ASSIGNMENT — Look through the entries below and extract exactly the lines from the one containing "Óculos de Sol Miu Miu Solar" through the one containing "Young muslim guy", ends included.

-- SOURCE MATERIAL follows --

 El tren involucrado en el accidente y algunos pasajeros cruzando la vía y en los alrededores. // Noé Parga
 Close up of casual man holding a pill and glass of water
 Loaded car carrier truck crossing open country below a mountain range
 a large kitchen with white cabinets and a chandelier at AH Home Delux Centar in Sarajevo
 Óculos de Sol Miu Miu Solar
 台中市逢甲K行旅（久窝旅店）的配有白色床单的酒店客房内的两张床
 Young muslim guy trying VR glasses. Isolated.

-- SOURCE MATERIAL concluded --
-- SOURCE MATERIAL follows --

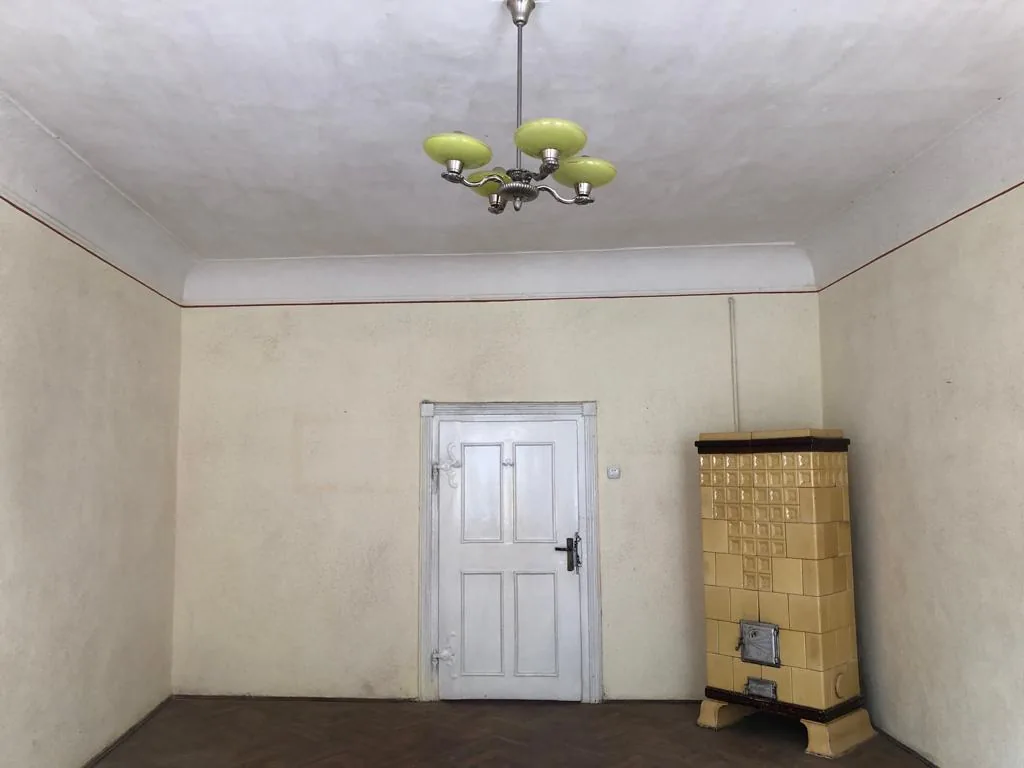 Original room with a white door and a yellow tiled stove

-- SOURCE MATERIAL concluded --

REPLY —
 Óculos de Sol Miu Miu Solar
 台中市逢甲K行旅（久窝旅店）的配有白色床单的酒店客房内的两张床
 Young muslim guy trying VR glasses. Isolated.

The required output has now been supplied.